Evidence for some price convergence is found both with Price Transparency and Full Transparency as compared with Price Secrecy. For Price Transparency, the variance of prices decreases by 26.33% (P: 0.012), and for Full Transparency by 55.49% (P < 0.001). In addition, in Price Transparency we observe additional convergence within the group of lower-health-budget countries (P: 0.017). Conversely, in Full Transparency the variance of lower-health-budget countries is similar to Price Secrecy (P: 0.200), while within-group convergence is found for higher-health-budget countries (P: 0.009).

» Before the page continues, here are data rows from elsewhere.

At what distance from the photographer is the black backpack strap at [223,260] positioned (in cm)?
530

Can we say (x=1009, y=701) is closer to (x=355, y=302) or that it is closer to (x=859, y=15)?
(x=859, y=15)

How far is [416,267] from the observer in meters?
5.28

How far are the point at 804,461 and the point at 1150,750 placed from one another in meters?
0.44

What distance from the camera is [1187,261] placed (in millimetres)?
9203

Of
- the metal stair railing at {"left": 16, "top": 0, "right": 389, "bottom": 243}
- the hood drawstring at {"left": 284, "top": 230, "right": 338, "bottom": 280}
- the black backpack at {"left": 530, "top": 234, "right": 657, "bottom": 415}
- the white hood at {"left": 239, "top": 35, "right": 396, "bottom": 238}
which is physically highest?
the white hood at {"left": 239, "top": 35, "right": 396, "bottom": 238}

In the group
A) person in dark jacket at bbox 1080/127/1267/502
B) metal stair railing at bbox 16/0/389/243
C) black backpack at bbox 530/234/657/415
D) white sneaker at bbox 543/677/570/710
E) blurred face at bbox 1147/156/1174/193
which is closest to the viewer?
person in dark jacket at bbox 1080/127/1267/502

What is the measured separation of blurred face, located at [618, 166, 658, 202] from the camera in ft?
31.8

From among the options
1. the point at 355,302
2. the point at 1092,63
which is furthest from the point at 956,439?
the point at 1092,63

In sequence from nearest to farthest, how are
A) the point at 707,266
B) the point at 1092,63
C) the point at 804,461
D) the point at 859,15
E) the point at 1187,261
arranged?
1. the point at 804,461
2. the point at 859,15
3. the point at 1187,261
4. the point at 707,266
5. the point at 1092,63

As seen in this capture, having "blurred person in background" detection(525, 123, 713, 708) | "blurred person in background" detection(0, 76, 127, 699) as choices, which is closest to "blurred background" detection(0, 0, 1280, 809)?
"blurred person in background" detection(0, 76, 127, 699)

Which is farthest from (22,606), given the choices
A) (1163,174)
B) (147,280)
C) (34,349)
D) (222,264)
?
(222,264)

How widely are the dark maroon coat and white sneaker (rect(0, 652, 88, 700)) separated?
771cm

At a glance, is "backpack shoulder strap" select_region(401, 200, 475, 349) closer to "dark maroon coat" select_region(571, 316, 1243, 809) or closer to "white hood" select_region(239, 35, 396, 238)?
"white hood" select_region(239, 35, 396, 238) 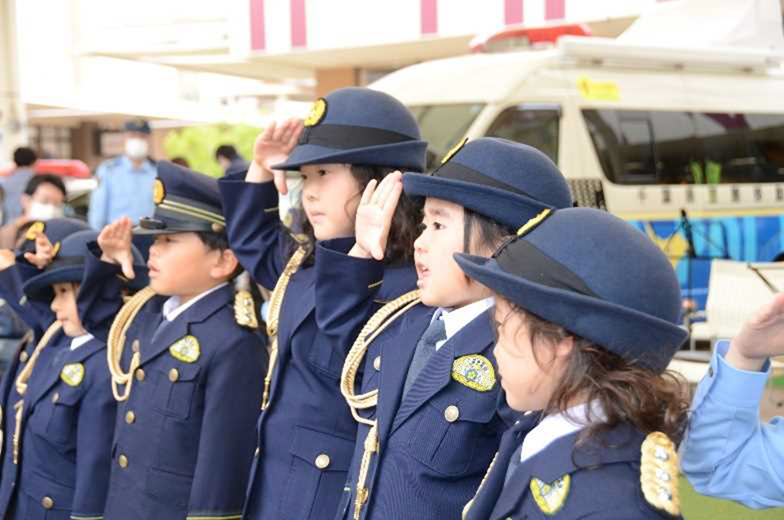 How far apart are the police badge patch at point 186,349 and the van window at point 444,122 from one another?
16.3 feet

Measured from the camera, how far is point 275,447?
2.84 m

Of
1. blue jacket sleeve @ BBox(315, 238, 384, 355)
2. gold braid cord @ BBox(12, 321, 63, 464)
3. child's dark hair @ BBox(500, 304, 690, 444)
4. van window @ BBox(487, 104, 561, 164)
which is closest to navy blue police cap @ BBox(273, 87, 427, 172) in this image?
blue jacket sleeve @ BBox(315, 238, 384, 355)

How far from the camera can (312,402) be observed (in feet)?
9.23

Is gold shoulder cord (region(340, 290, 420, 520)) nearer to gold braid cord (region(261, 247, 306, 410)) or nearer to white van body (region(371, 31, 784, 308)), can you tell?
gold braid cord (region(261, 247, 306, 410))

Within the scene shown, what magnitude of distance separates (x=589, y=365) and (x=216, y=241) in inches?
71.7

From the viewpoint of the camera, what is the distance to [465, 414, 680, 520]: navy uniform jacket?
1749 millimetres

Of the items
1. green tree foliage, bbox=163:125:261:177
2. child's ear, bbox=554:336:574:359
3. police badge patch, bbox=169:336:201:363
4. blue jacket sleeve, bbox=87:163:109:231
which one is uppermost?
child's ear, bbox=554:336:574:359

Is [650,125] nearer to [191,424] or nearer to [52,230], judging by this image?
[52,230]

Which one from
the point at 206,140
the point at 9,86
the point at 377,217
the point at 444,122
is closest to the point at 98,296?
the point at 377,217

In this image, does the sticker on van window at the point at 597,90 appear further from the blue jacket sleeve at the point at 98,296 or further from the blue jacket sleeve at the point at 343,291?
the blue jacket sleeve at the point at 343,291

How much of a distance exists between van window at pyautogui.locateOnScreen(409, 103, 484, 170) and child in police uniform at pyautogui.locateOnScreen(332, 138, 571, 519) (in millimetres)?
5646

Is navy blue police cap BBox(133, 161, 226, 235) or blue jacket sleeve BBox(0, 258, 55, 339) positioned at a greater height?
navy blue police cap BBox(133, 161, 226, 235)

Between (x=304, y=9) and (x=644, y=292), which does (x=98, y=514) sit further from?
(x=304, y=9)

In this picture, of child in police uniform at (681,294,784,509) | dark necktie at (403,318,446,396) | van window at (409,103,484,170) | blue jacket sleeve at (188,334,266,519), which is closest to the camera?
child in police uniform at (681,294,784,509) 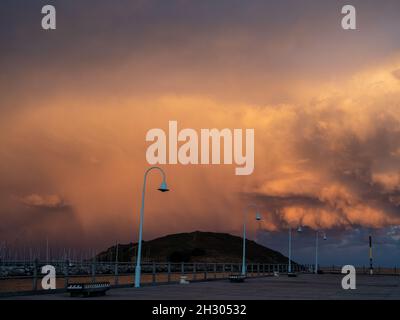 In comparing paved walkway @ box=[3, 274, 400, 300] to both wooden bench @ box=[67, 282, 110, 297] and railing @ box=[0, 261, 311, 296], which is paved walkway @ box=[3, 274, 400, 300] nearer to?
wooden bench @ box=[67, 282, 110, 297]

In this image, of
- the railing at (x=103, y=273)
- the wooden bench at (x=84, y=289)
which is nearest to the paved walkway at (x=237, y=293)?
the wooden bench at (x=84, y=289)

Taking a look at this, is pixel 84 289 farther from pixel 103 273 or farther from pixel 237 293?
pixel 103 273

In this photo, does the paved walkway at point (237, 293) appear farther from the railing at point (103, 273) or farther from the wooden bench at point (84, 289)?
the railing at point (103, 273)

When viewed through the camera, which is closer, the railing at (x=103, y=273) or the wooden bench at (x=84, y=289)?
the wooden bench at (x=84, y=289)

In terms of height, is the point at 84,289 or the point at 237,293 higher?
the point at 84,289

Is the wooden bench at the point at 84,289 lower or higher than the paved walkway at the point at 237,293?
higher

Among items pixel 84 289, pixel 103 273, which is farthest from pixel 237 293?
pixel 103 273

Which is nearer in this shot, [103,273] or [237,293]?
[237,293]

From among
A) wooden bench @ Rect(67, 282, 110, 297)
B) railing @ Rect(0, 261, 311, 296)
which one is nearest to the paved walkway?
wooden bench @ Rect(67, 282, 110, 297)

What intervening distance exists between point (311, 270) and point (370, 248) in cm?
1586

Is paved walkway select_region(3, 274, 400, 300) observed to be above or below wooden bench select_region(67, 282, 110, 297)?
below
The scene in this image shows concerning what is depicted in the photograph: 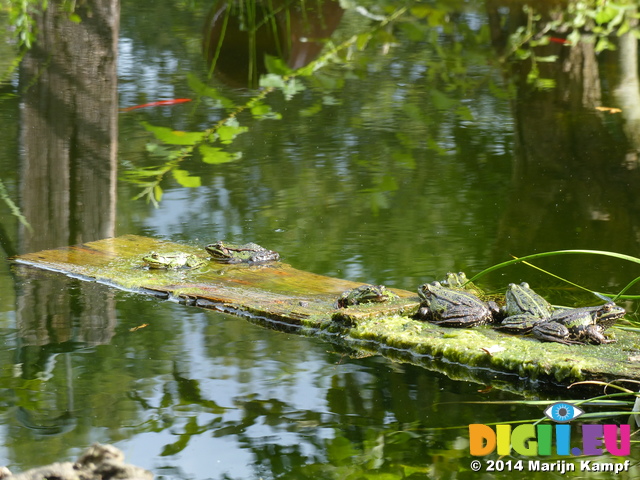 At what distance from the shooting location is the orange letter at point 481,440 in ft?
9.47

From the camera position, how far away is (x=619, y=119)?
755 centimetres

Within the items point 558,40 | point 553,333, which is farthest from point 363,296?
point 558,40

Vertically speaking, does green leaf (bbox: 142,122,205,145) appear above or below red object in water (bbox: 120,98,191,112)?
above

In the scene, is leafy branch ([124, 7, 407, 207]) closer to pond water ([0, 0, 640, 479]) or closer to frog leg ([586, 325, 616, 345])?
pond water ([0, 0, 640, 479])

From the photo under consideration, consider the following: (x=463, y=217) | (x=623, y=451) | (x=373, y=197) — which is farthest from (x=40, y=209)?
(x=623, y=451)

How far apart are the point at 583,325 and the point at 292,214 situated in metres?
2.43

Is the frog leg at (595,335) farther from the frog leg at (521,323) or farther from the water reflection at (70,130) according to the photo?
the water reflection at (70,130)

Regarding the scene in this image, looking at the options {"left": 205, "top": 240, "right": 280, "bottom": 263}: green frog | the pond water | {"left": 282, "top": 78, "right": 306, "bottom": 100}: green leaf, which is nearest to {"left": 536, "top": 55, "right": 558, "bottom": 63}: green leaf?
the pond water

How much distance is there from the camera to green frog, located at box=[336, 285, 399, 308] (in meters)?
3.95

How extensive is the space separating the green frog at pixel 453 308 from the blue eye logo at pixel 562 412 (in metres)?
0.70

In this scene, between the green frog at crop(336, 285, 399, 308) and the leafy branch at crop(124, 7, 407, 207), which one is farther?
the leafy branch at crop(124, 7, 407, 207)

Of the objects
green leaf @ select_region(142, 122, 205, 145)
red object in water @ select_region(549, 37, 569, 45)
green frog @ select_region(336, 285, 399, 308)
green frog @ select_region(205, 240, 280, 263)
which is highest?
red object in water @ select_region(549, 37, 569, 45)

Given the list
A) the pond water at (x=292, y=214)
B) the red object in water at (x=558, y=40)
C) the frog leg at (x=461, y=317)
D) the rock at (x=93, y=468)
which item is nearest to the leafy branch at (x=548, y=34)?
the red object in water at (x=558, y=40)

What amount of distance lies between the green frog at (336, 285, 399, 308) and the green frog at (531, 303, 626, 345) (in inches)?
30.1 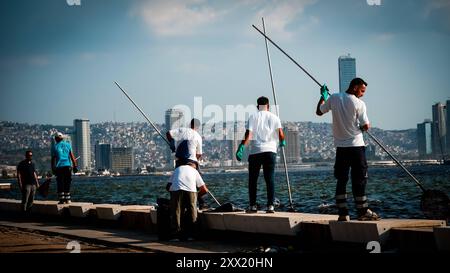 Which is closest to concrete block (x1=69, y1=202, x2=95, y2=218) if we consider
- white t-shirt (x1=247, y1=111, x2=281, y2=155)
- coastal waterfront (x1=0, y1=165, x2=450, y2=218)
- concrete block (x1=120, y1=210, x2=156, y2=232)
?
concrete block (x1=120, y1=210, x2=156, y2=232)

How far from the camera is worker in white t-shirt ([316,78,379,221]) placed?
987 centimetres

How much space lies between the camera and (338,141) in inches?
395

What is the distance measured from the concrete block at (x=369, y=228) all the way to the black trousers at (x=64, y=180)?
31.9 ft

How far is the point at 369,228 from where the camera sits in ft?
29.3

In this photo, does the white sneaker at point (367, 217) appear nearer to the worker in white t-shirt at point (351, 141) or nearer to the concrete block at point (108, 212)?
the worker in white t-shirt at point (351, 141)

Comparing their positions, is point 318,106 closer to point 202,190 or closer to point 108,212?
point 202,190

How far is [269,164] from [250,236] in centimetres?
120

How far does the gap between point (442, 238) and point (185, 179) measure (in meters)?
4.77

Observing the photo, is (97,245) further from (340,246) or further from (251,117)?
(340,246)

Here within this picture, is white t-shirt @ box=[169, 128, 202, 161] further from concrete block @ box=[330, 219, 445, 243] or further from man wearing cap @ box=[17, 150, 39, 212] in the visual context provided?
man wearing cap @ box=[17, 150, 39, 212]

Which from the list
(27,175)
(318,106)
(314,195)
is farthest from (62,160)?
(314,195)

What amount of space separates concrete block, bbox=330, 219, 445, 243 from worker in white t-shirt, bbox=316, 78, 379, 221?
0.55 m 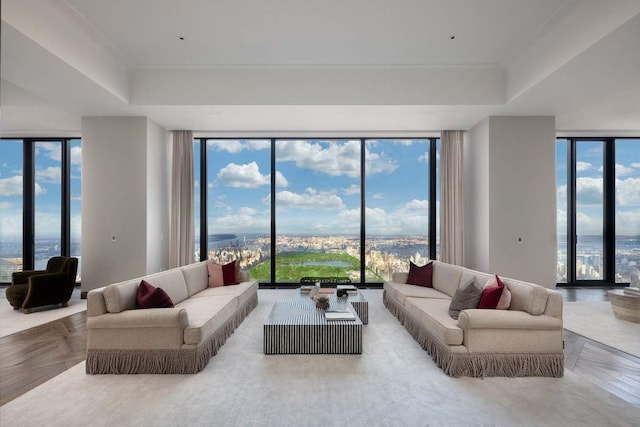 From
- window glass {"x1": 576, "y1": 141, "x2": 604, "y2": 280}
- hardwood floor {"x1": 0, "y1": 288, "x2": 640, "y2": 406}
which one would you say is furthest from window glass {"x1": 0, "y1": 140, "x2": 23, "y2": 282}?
window glass {"x1": 576, "y1": 141, "x2": 604, "y2": 280}

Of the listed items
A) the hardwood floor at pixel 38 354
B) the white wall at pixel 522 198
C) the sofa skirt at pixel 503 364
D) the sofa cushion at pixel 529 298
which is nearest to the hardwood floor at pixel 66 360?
the hardwood floor at pixel 38 354

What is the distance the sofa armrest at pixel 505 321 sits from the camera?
3.40 m

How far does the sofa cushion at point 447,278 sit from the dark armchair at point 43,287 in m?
5.62

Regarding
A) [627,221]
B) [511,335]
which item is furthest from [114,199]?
[627,221]

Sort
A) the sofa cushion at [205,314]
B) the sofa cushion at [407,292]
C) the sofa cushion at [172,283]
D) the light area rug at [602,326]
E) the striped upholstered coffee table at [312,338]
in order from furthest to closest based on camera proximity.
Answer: the sofa cushion at [407,292]
the sofa cushion at [172,283]
the light area rug at [602,326]
the striped upholstered coffee table at [312,338]
the sofa cushion at [205,314]

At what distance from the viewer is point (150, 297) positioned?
379 cm

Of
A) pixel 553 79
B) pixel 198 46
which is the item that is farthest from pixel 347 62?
pixel 553 79

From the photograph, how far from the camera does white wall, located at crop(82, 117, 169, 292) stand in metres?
6.57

Effects on Investments in R&D and on the Relationship Between R&D Costs and Prices

Willingness to invest in R&D decreases significantly in Price Transparency: (A2: −16.86%; P: 0.002). Instead, we found no statistical difference in willingness to invest in R&D between Price Secrecy with Full Transparency (A3: −2.4%; P: 0.377). In Fig. 2, we show the evolution of average investment levels per arm over the 10 periods.

FIGURE 2

Average investment level in R&D, points per period. Notes: The lines represent the average maximum willingness to invest in R&D for the pharmaceutical company, by arm. Shaded areas are 95% bootstrapped confidence intervals.

FIGURE 2

Average investment level in R&D, points per period. Notes: The lines represent the average maximum willingness to invest in R&D for the pharmaceutical company, by arm. Shaded areas are 95% bootstrapped confidence intervals.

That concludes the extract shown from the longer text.